Online Learning Algorithms that Work Harder

It seems to be a general goal in practical online learning algorithm development to have the updates be very very simply.  Perceptron is probably the simplest, and involves just a few adds.  Winnow takes a few multiplies.  MIRA takes a bit more, but still nothing hugely complicated.  Same with stochastic gradient descent algorithms for, eg., hinge loss.

I think this maybe used to make sense.  I'm not sure that it makes sense any more.  In particular, I would be happier with online algorithms that do more work per data point, but require only one pass over the data.  There are really only two examples I know of: the StreamSVM work that my student Piyush did with me and Suresh, and the confidence-weighted work by Mark Dredze, Koby Crammer and Fernando Pereira (note that they maybe weren't trying to make a one-pass algorithm, but it does seem to work well in that setting).

Why do I feel this way?

Well, if you look even at standard classification tasks, you'll find that if you have a highly optimized, dual threaded implementation of stochastic gradient descent, then your bottleneck becomes I/O, not learning.  This is what John Langford observed in his Vowpal Wabbit implementation.  He has to do multiple passes.  He deals with the I/O bottleneck by creating an I/O friendly, proprietary version of the input file during the first past, and then careening through it on subsequent passes.

In this case, basically what John is seeing is that I/O is too slow.  Or, phrased differently, learning is too fast :).  I never thought I'd say that, but I think it's true.  Especially when you consider that just having two threads is a pretty low requirement these days, it would be nice to put 8 or 16 threads to good use.

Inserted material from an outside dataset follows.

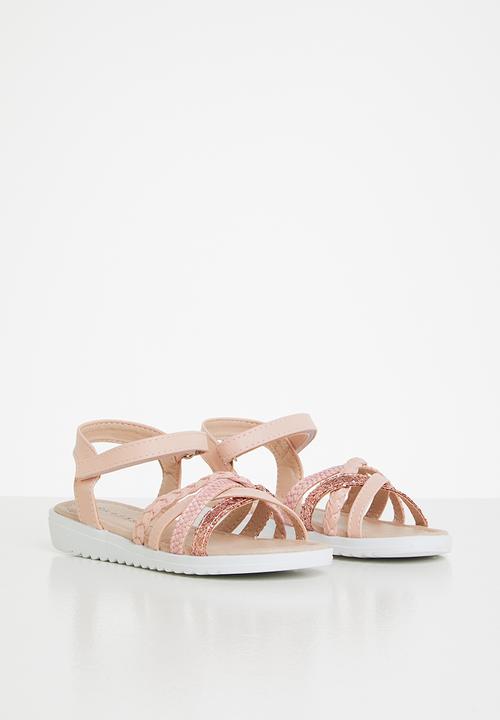 Rock & Co. - Repunzel sandal - pink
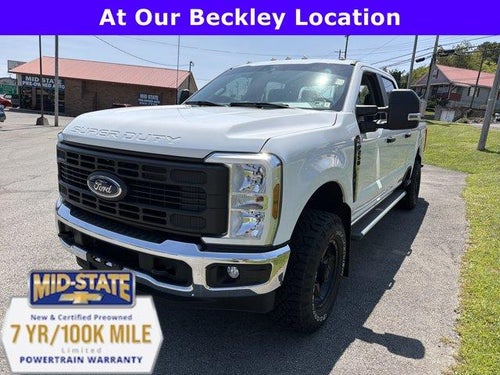 2024 Ford F-250 XL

But I think the problem is actually quite a bit more severe.  You can tell this by realizing that the idealized world in which binary classifier algorithms usually get developed is, well, idealized.  In particular, someone has already gone through the effort of computing all your features for you.  Even running something simple like a tokenizer, stemmer and stop word remover over documents takes a non-negligible amount of time (to convince yourself: run it over Gigaword and see how long it takes!), easily much longer than a silly perceptron update.

So in the real world, you're probably going to be computing your features and learning on the fly.  (Or at least that's what I always do.)  In which case, if you have a few threads computing features and one thread learning, your learning thread is always going to be stalling, waiting for features.

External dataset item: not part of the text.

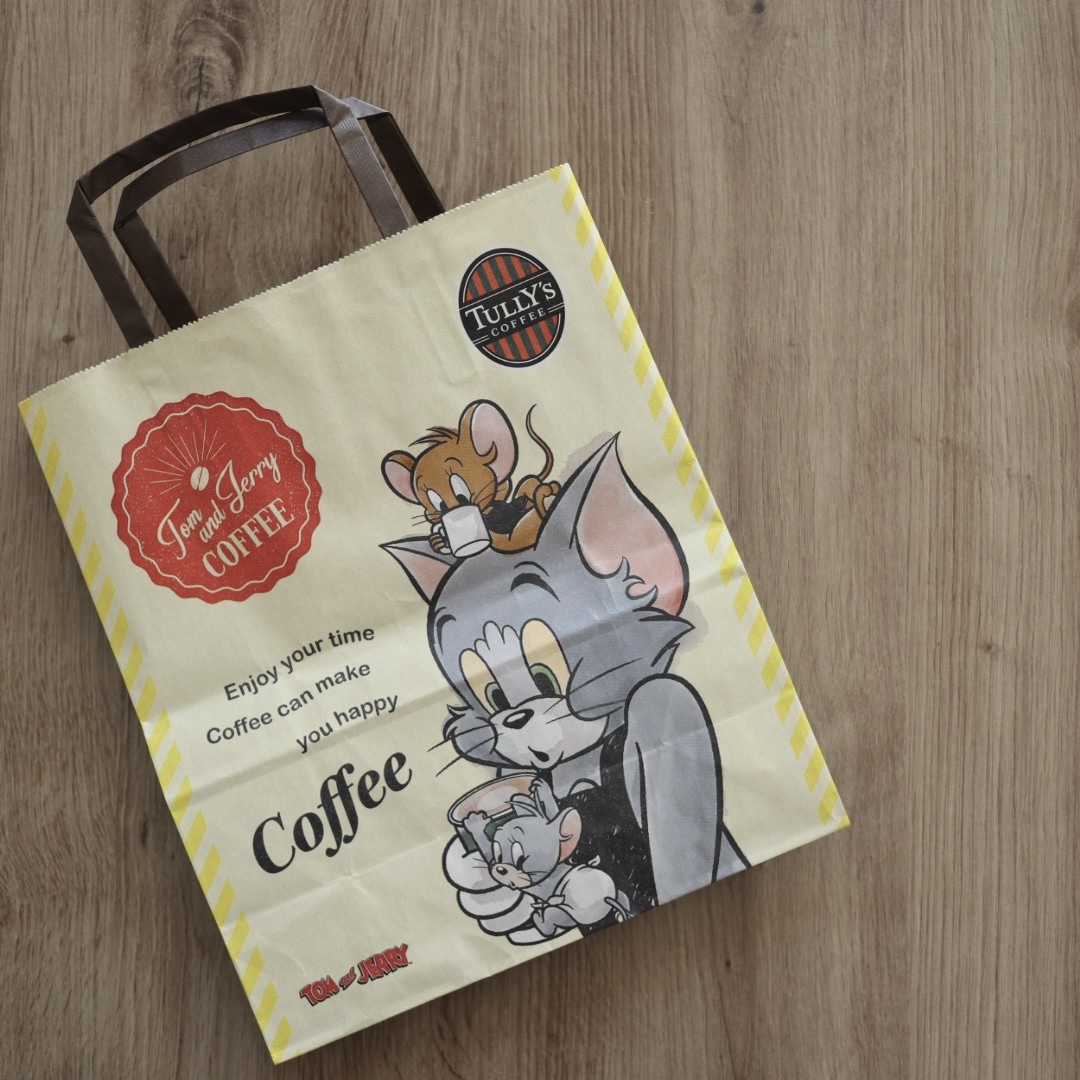 タリーズ トムとジェリー2026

One way to partially circumvent this is to do a variant of what John does: create a big scratch file as you go and write everything to this file on the first pass, so you can just read from it on subsequent passes.  In fact, I believe this is what Ryan McDonald does in MSTParser (he can correct me in the comments if I'm wrong :P).  I've never tried this myself because I am lazy.  Plus, it adds unnecessary complexity to your code, requires you to chew up disk, and of course adds its own delays since you now have to be writing to disk (which gives you tons of seeks to go back to where you were reading from initially).

A similar problem crops up in structured problems.  Since you usually have to run inference to get a gradient, you end up spending way more time on your inference than your gradients.  (This is similar to the problems you run into when trying to parallelize the structured perceptron.)

Anyway, at the end of the day, I would probably be happier with an online algorithm that spent a little more energy per-example and required fewer passes; I hope someone will invent one for me!

11 comments:

Ryan McDonald said...

That is exactly what MSTParser does. I got this trick from Clark & Curran

timv said...

I've definitely felt the IO bottleneck before.. the best solution is to get a really beefy 64-bit multi-core machine with tons of memory to run all your training on. This way you can leave everything in memory.. no more worries!

Have you considered posing this as a question on MetaOptimize (http://metaoptimize.com/qa)?

John Langford said...

I've seen VW work pretty well in a single pass on some datasets---for example on Leon's SGD example. In other cases, I've seen up to 10 passes be useful.

VW's cache format isn't proprietary---it's all open source code. Look in cache.cc to see both the reader and the writer. The easiest way to take advantage of it is to overwrite the update in gd.cc and leave the rest of the code intact. If you run into difficulties, email me.

But, the real difficulty with vanilla gradient descent seems not to be the number of passes required to learn, but rather (a) normalizing the features so it can learn and (b) finding the right learning rates so that it learns quickly.

Nikos and I have been tinkering with the update rule this summer, and the current github version is a substantial improvement over the older gradient descent w.r.t. eliminating most of the need for (b).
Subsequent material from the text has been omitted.